Electronic – What would the units of thermal noise be

noise

This came up during an assignment question, but is a tangent.

Thermal Noise is given by;
N=k T B where;

k= Boltzmann's Constant (J/K) ir (W-s/K)

T = Temperature (K)

B = Bandwidth (Hz)

That would mean that the units of thermal noise can be expressed as Watt-cycles? That doesn't make sense to me.

Normally noise is expressed in dB or dBm. How does that relate to the units here?

Best Answer

Hertz is 1/second. So N in your formula is Watts. The formula is not for noise voltage figure but for noise power. Power is watts, so everything computes OK.
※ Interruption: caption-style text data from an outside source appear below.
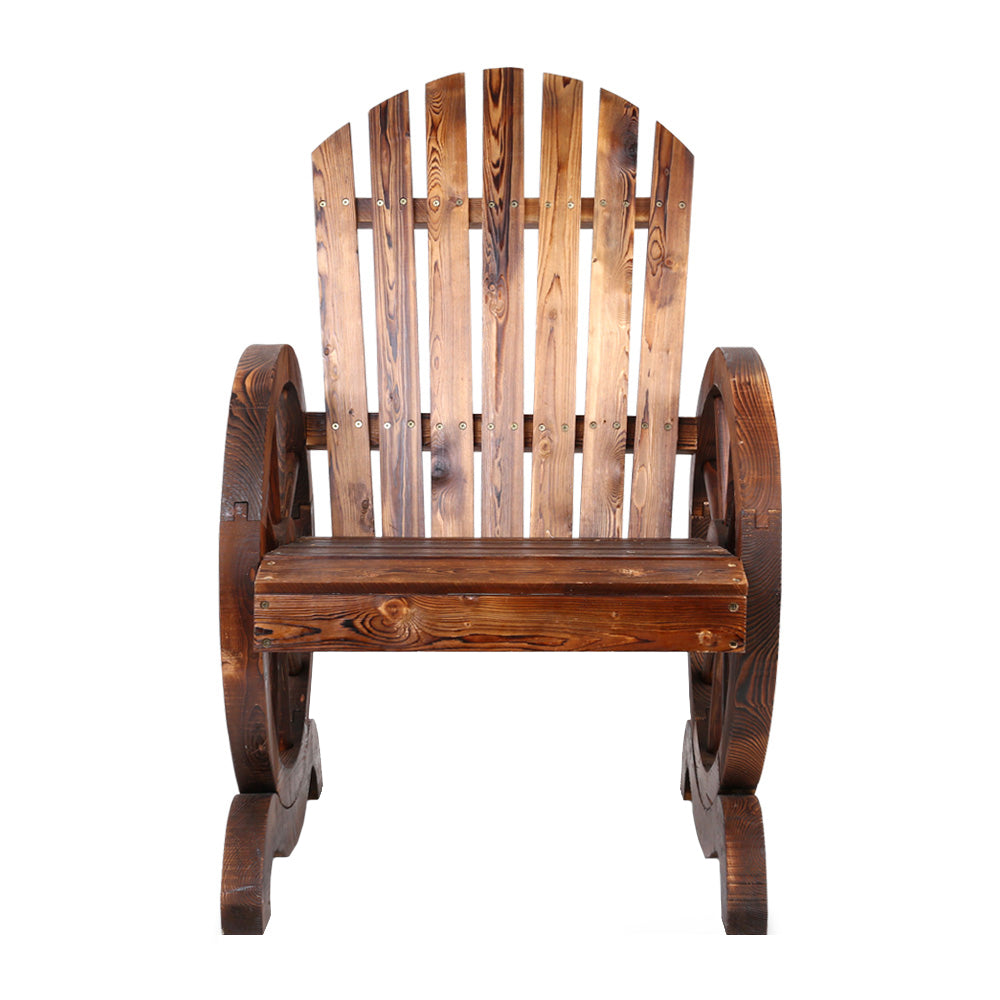 Gardeon Outdoor Wooden Wagon Chair Rustic Brown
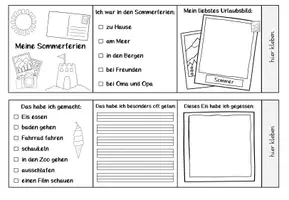Vorschau - Arbeitsblätter - Sommerferien Leporello | Freebie Deutsch Klasse 2-4 - Seite 3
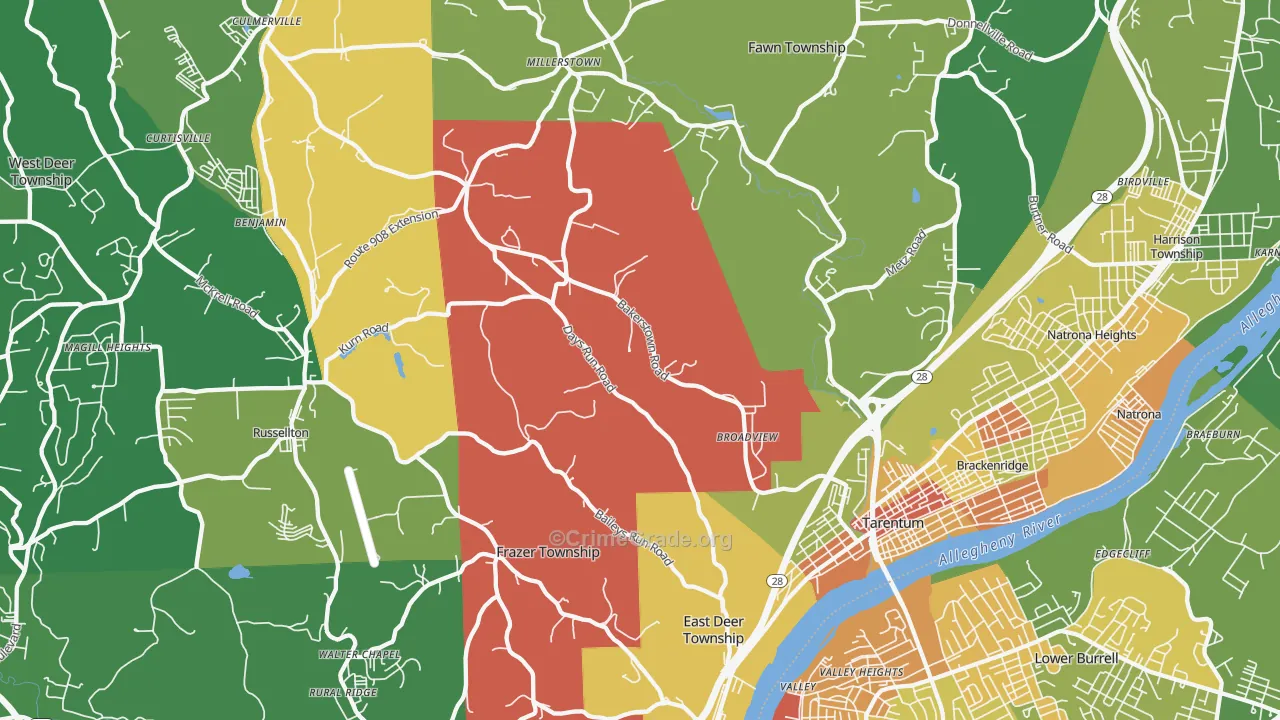 Tarentum, PA Map of Vandalism Rates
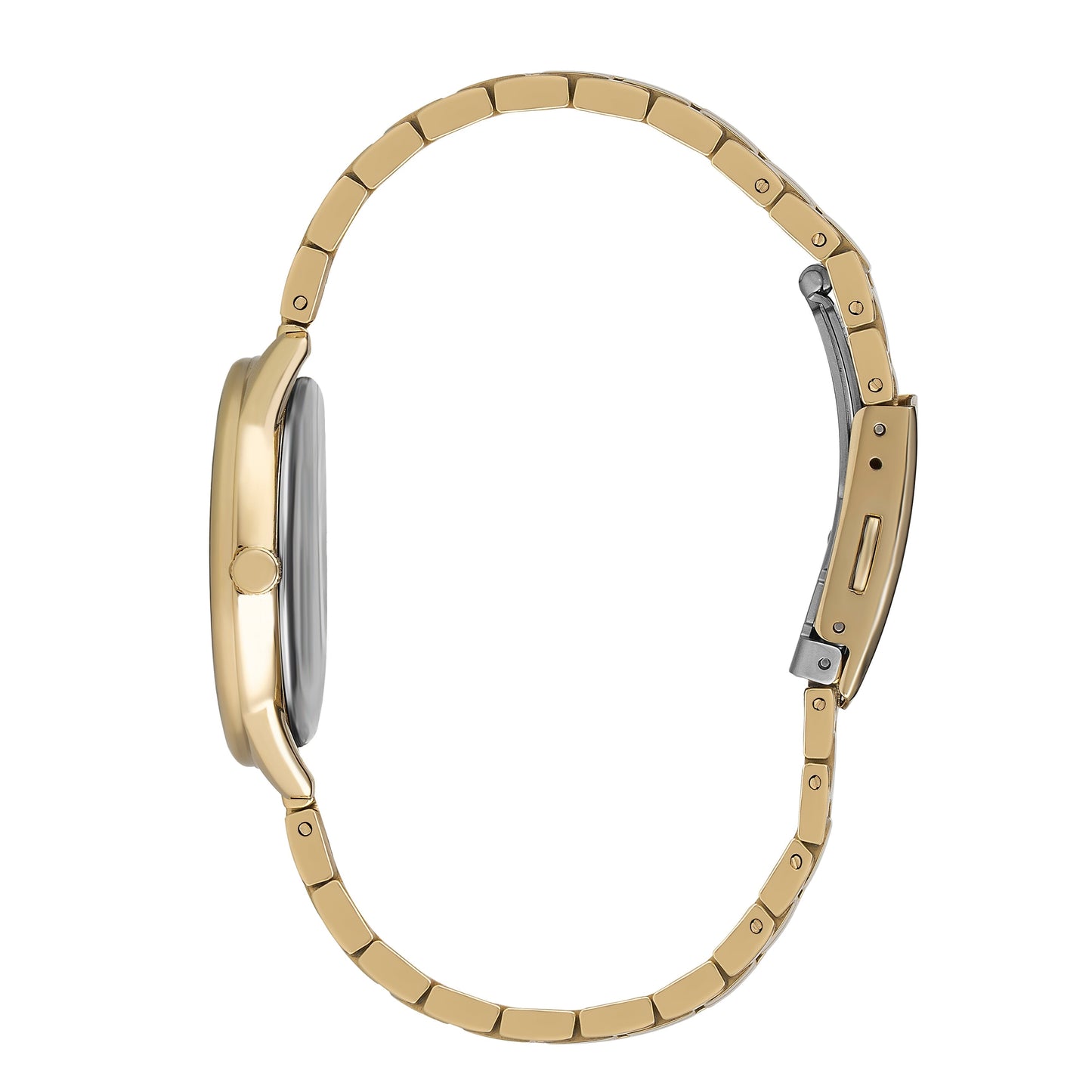 All gold watch bracelet and case side profile view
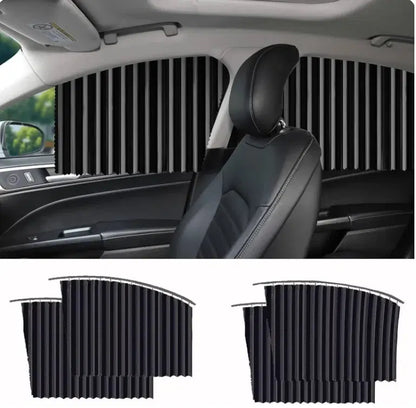 Foldable magnetic car window curtains from 4485, pack of 4, door and window fittings, shown attached to car windows.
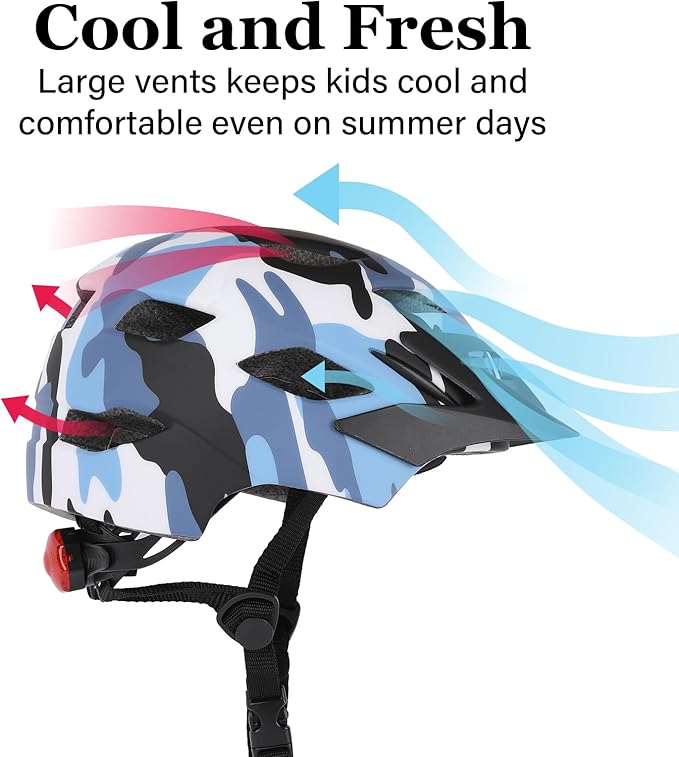 Kids Bike Helmet, Youth Toddler Boys Girls Helmets, 2 Size Adjustable for Ages 2-3-5-8-14 Years, Child Helmet with Visor and LED Light, Lightweight Multi-Sport Bicycle Scooter Cycling Helmets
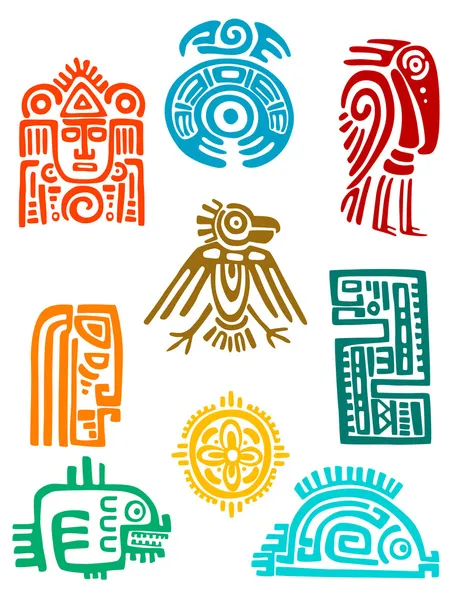 Elementos y símbolos mayas antiguos — Vector de stock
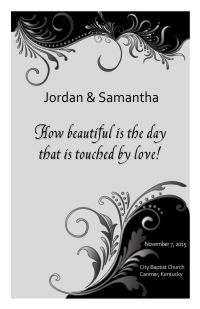 Wedding Program Cover Template 8E - Version 3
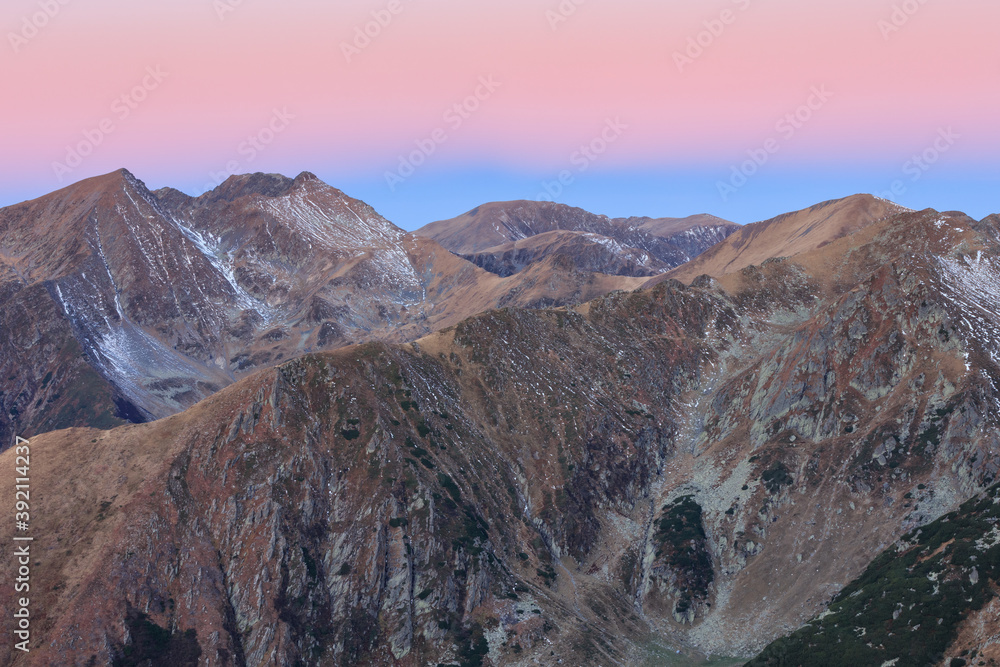 Sticker sunrise in Fagaras Mountains, Romania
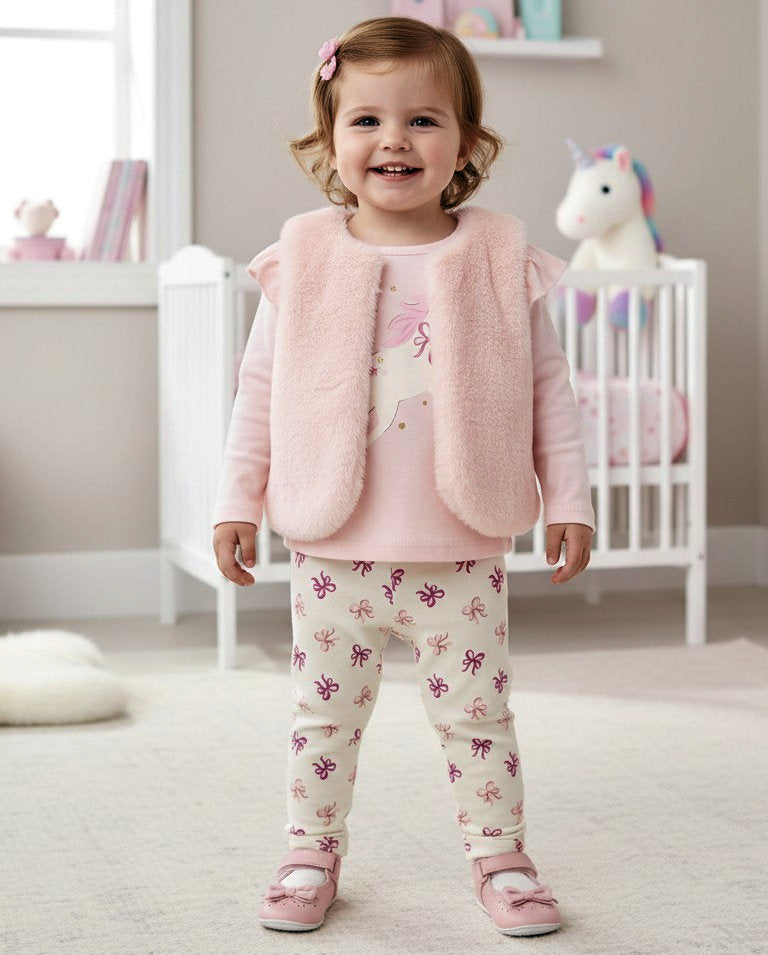 Baby Girls Faux Fur Gilet Outfit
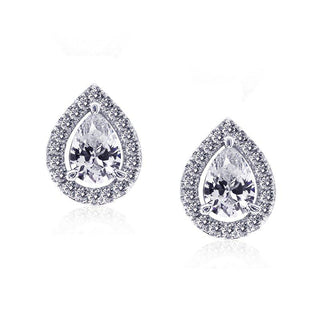 Carat* London White Gold Plated CZ Emile Pear Stud Earrings
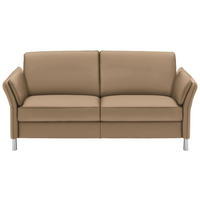2,5-SITZER in Echtleder Hellbraun  - Hellbraun/Alufarben, Design, Leder/Metall (164/82/99cm) - Dieter Knoll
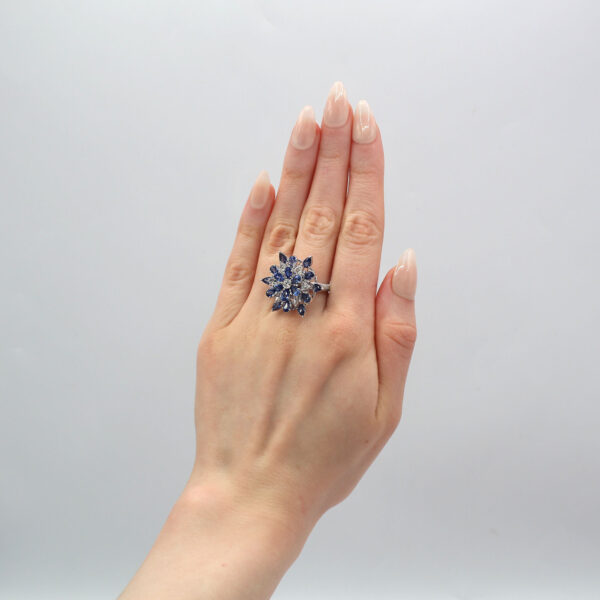 "Blue Star" Sapphire and Diamond Ring - Image 3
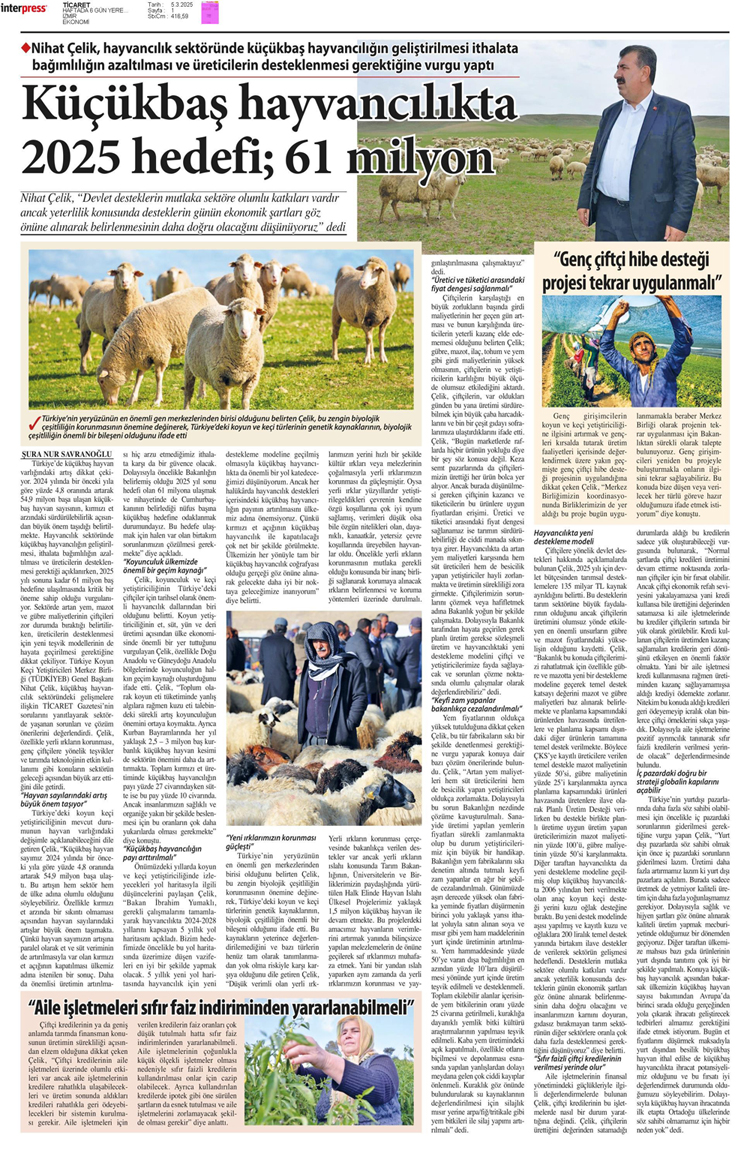 KKBA HAYVAN SAYISINDA 2025 HEDEF: 61 MLYON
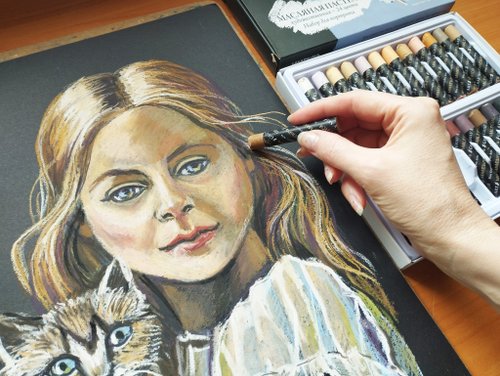 パステル画 少女の絵画 原画 星少女1 パステル画 絵画 アート - & Earth - BOOTH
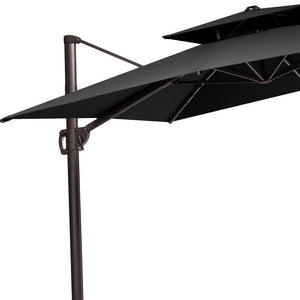 11' Black Polyester Round Tilt Cantilever Patio Umbrella with Stand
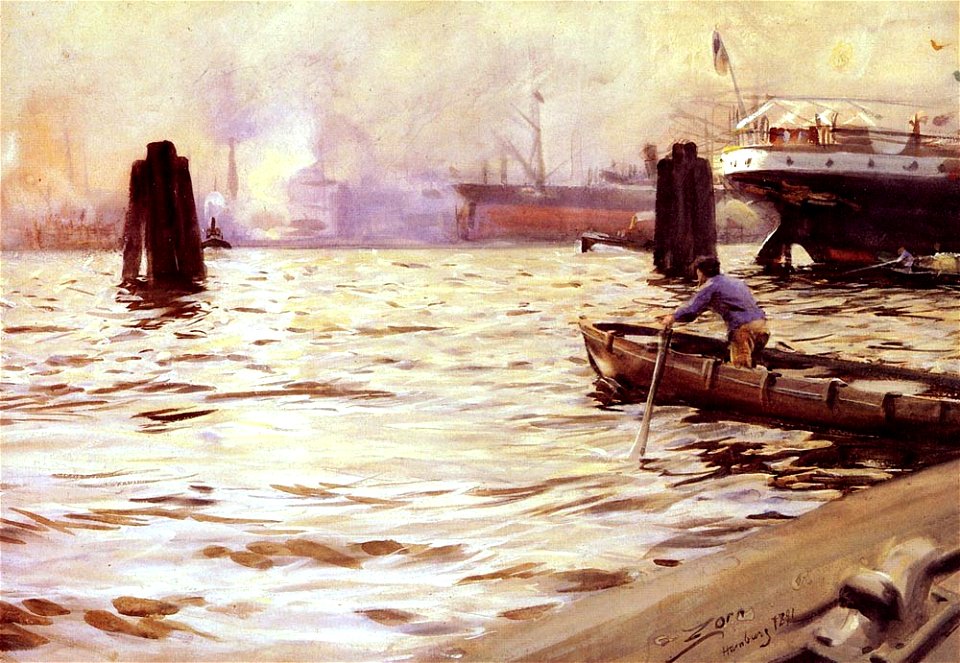Anders Zorn - Hamburgs hamn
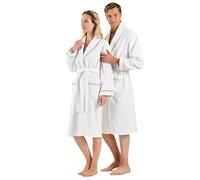 English Home 100% Turc coton éponge peignoir avec passepoil, écharpe absorbant col unisexe towelling peignoir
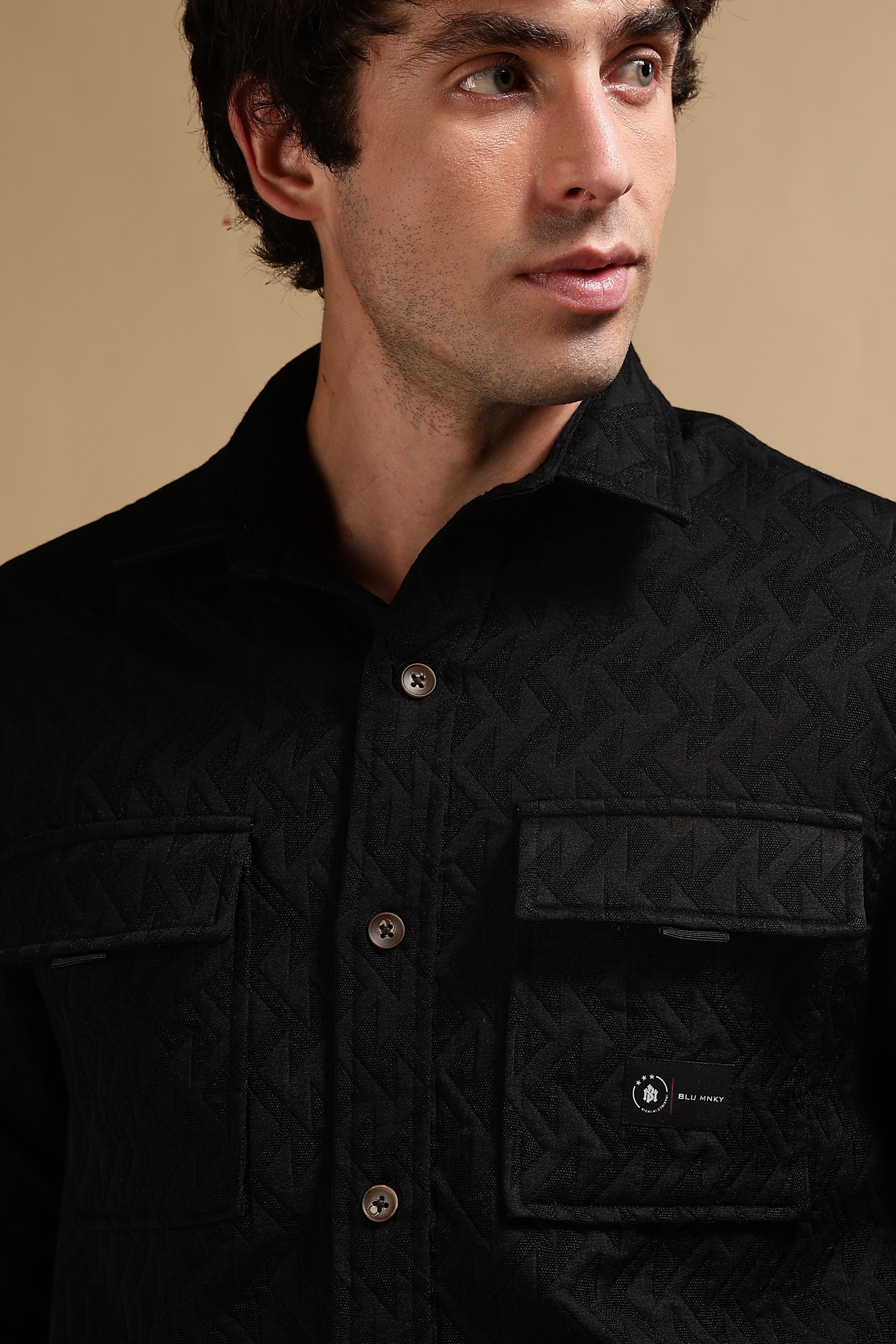 Men Black Poly Cotton Shacket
To fully answer your question, noise is measured either in absolute units or as a ratio. Relative unitless ratio is just a number. For each untiless number scale there is always some absolute value in physical units which is agreed upon. Say if reference number is milliwatt, then microwatt of noise is 0.001 unitless on milliwatt scale. Or logarithmically -30dBm or -60dBW, etc.

Side note: non zero thermal noise strictly speaking has no absolute maximum voltage amplitude for infinite period of observation. Every observed momentary value can always be exceeded in any of next observations. Saying that noise is 0.01V p-p (peak to peak) is oversimplification or misuse of terminology. Preferred quantification of noise is in any units but with note of the method of observation, like 0.5A rms (root mean square).